(Beginning of Dataset extract)
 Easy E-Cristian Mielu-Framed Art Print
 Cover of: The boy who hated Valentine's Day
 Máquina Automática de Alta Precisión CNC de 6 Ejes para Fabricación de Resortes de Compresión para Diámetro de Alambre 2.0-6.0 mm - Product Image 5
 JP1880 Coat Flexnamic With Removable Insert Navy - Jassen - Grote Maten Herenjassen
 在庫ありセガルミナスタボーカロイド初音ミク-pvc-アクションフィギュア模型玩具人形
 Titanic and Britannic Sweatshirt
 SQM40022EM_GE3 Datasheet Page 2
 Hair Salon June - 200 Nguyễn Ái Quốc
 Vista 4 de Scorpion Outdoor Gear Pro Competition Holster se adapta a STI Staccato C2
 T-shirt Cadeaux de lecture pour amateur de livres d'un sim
(End of Dataset extract)
(Beginning of Dataset extract)
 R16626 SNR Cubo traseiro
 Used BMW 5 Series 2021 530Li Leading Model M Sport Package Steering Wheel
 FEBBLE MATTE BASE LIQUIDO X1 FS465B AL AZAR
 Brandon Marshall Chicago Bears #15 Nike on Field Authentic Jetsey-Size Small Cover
(End of Dataset extract)
#### What you need to do:
Each line in the listing where the word "Cover" is found is to be copied.

#### Answer to the problem:
 Cover of: The boy who hated Valentine's Day
 Brandon Marshall Chicago Bears #15 Nike on Field Authentic Jetsey-Size Small Cover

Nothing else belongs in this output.